No me sorprende menos ver cómo insiste Jesús en que se comprueben con los sentidos la materialidad y la solidez de su cuerpo. Es de carne y hueso, de carne viva, de huesos duros; todo eso es palpable, sólido. Puede comer si quiere, y verdadero alimento. Insiste en que es él, él mismo, en su propia identidad, espiritual y corporal. No ha olvidado nada, reconoce a los suyos, sabe hacerse reconocer; no es brusco, sigue siendo poeta, pero no sueña, disipa todo sueño, insiste en que no le tomen por otro, y sobre todo, por un fantasma. Las apariciones de Cristo responden muy bien a las preguntas que me hacia al comienzo de este capítulo. Nosotros también seremos un día como él, y Dios mismo secará las lágrimas de nuestros ojos.
Me doy cuenta de que incluso algunos escritores católicos se sienten cohibidos ante las palabras, tan concretas, de los Evangelios. Esos prudentes escritores preferirían que todo eso hubiera tenido lugar en la vaguedad. Pero no, a Jesucristo le horroriza la vaguedad. Esta ahí en plena luz, ofrecido a las manos y a los ojos inquisitivos de esos hombres que van a ser sus testigos. Importa que la experiencia de su realidad física se haga lealmente. En el fondo, los cerebros académicos de esos escritores tienen miedo a admitir una doble evidencia: primero, la omnipotencia de Dios desplegada en Jesús resucitado, en segundo lugar, las admirables sorpresas de la materia. Platón y el puritanismo han metido ahí su veneno. Para mí, al contrario, lo más extraordinario habría sido que ese cuerpo, ya participante de la vida eterna, hubiera seguido tan torpe como cualquier otro cuerpo sublunar. Ya no es torpe, pero es tan real como cualquier otro cuerpo sublunar.

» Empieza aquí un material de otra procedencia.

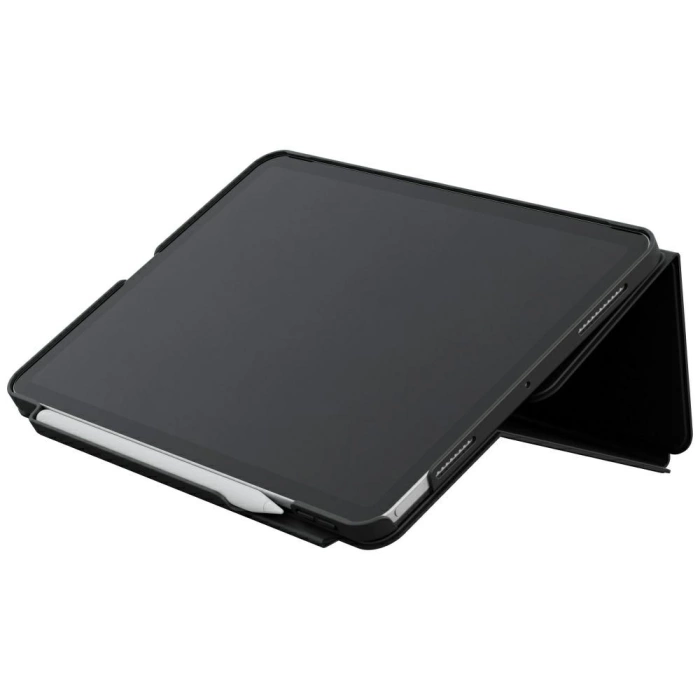 Etui UNIQ Rovus Snapmount Magnetic 360   Rotating Detachable do iPad 11" A16 (2025) / iPad 10.9" 10 gen. (2022) czarny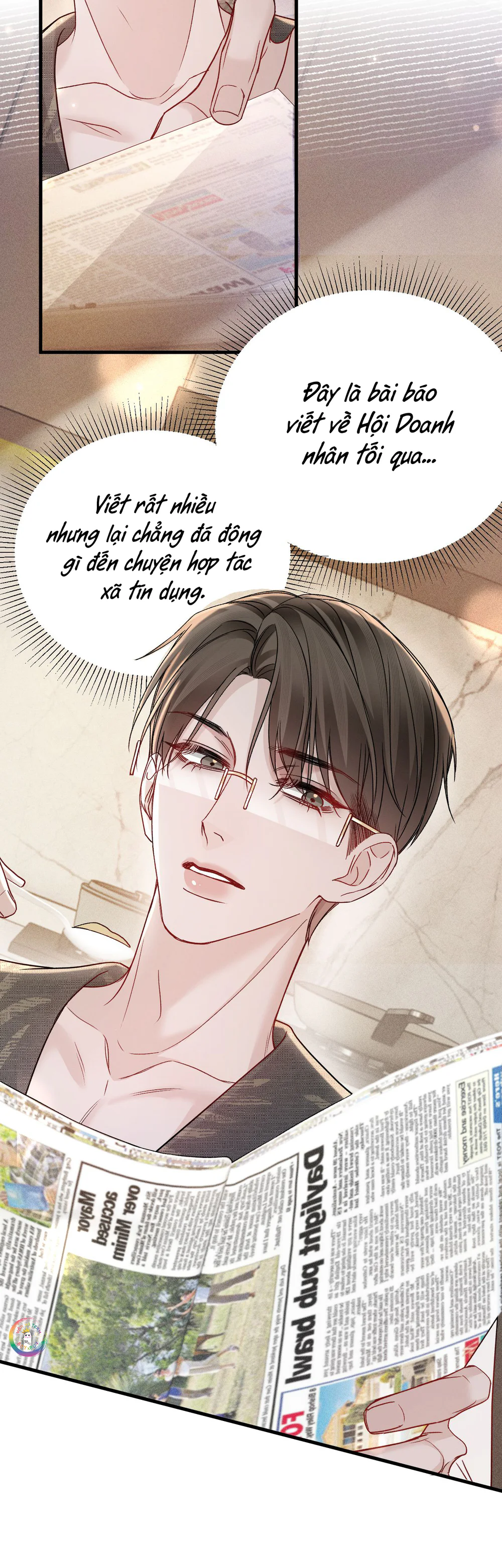 Đọc truyện Cuộc Đối Đầu Gay Gắt - Chapter 140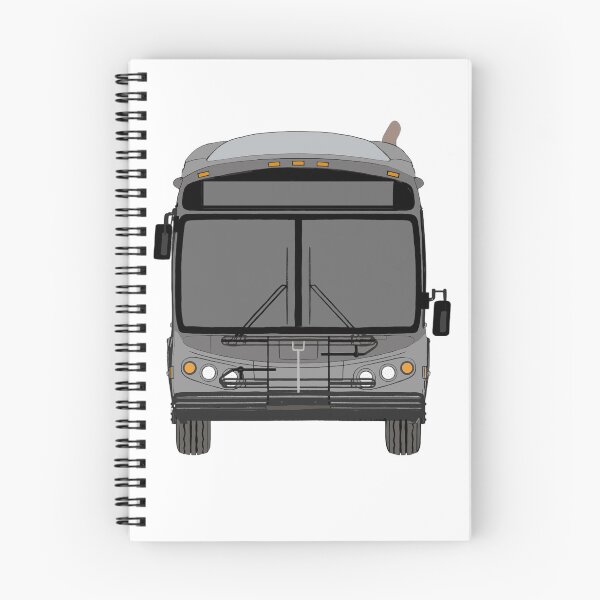 Item preview, NABI compobus Silver designed and sold by Metro Fans productions Transit Shop.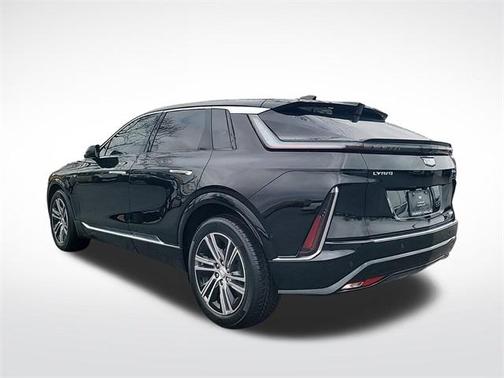 2025 Cadillac LYRIQ Luxury w/1SD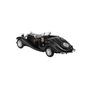Машина Same Toy Vintage Car со светом и звуком Черный (HY62-2Ut-3) - зменшене зображення 5
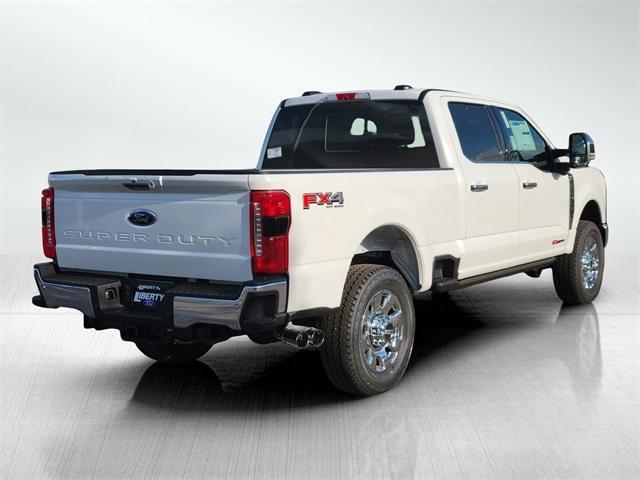 new 2024 Ford F-250 car, priced at $88,060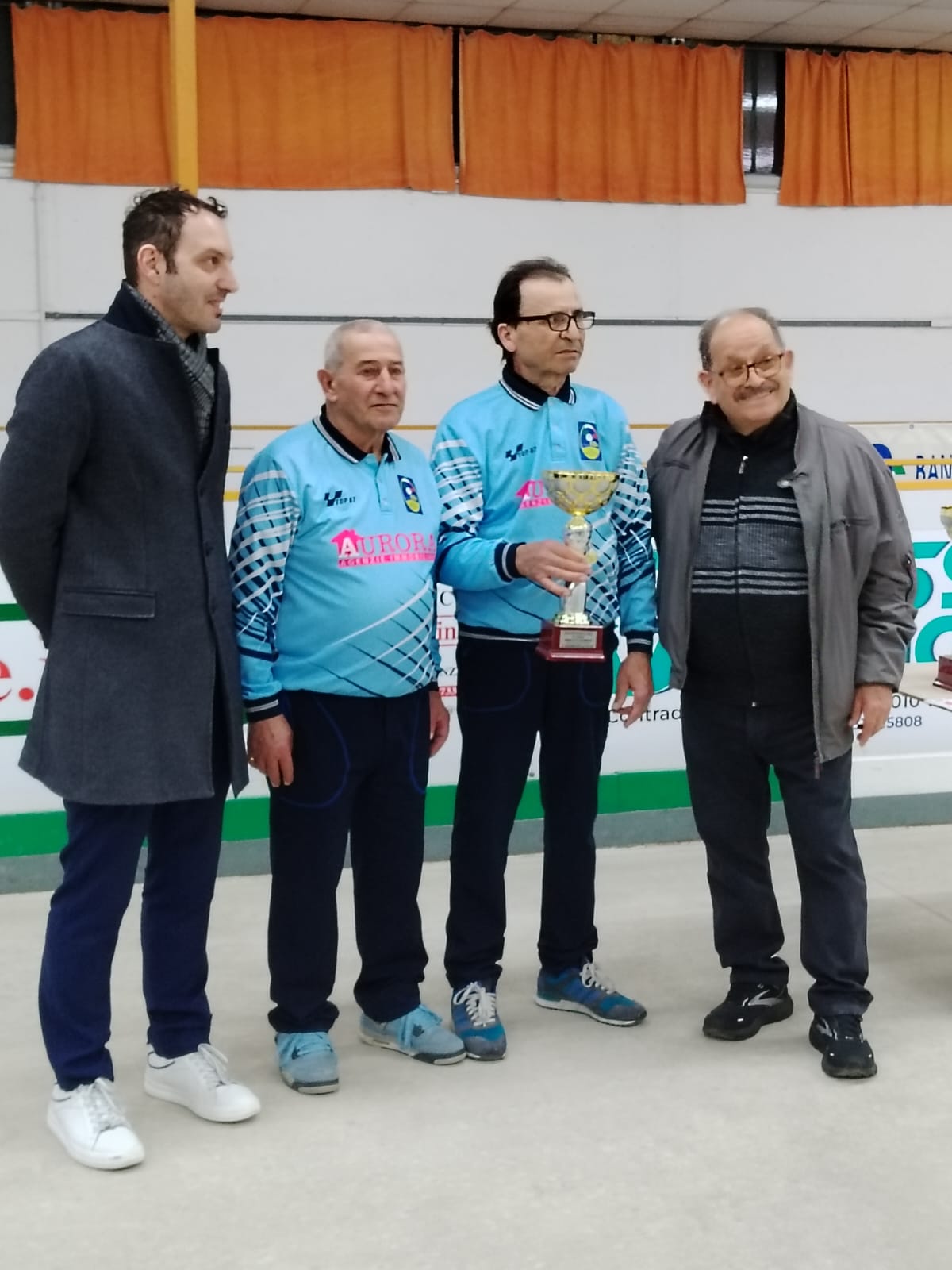 Marchionni Seghetti a Passo Treia 2025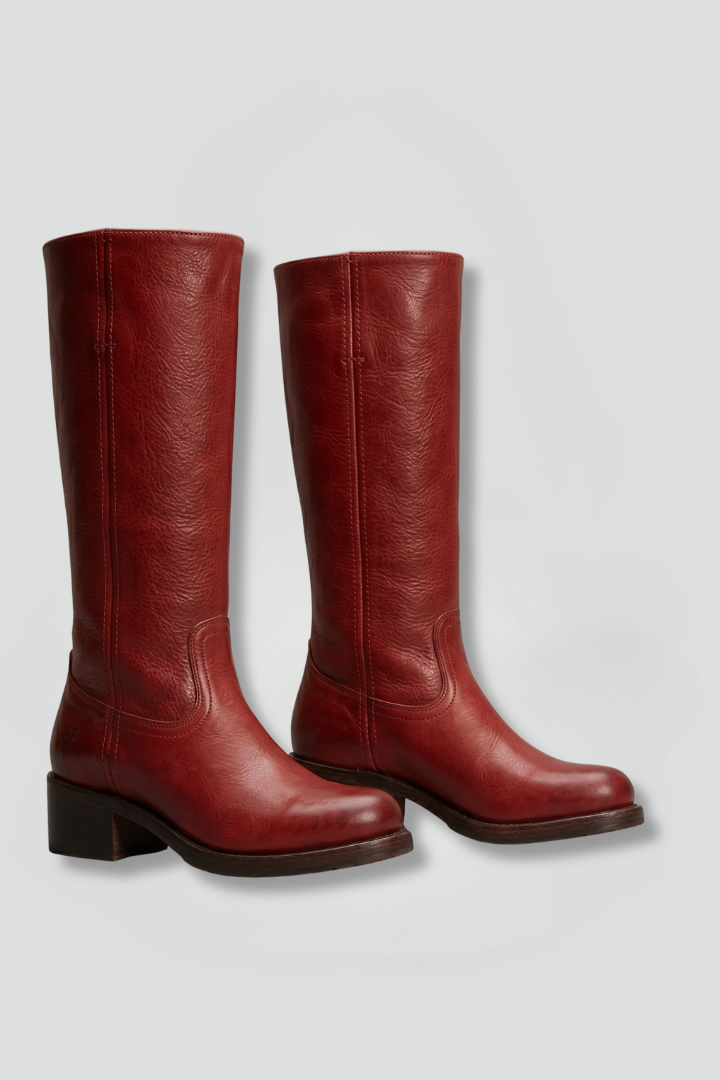 Women's Orthopaedic Mid-Calf Pull-On Boots — image 1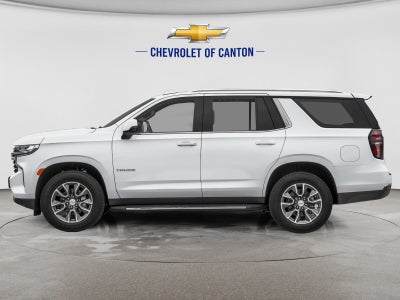 2024 Chevrolet Tahoe LT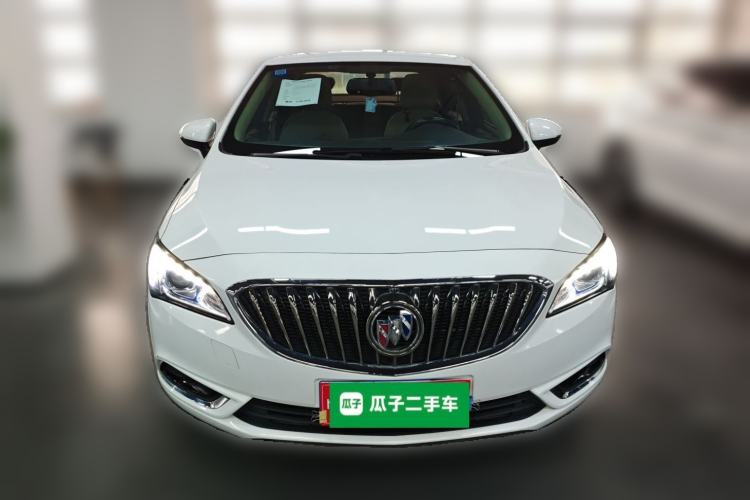 Used Buick Verano 2015 Sedan 15S Automatic Ambition Model Front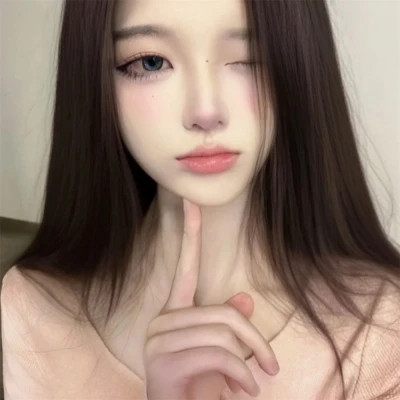 2025最火爆高级个性女生头像图片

Todos los evangelistas están muy de acuerdo. Juan ha añadido el relato de una escena maravillosamente convincente: "Pero Tomás, uno de los Doce, el llamado Mellizo, no estaba con ellos cuando llegó Jesús. Luego le contaron los demás discípulos: -Hemos visto al Señor-. Pero él les dijo: -Si no veo en sus manos la señal de los clavos y no meto el dedo en el sitio de los clavos, y no meto la mano en su costado, no creeré-. Y ocho días después, otra vez estaban reunidos los discípulos, y Tomás con ellos: llegó Jesús, estando cerradas las puertas, se puso en medio, y dijo: -Paz a vosotros-. Luego dijo a Tomás: -Trae tu dedo acá, y mira mis manos, y trae tu mano y métela en mi costado, y no seas incrédulo, sino creyente-. Contestó Tomás: -¡Mi Señor y mi Dios!-. Jesús le dijo: -¿Porque me has visto has creído? Felices lo que no ven y creerán-". (Jn. 20,24-29)
Ese es nuestro caso: creemos sin haber visto. Pero nuestra fe sería menos segura si no hubiera sido por el obstinado escepticismo del buen Tomás. Y a Tomás debemos también la mejor profesión de fe en Jesucristo- "¡Mi Señor y mi Dios!"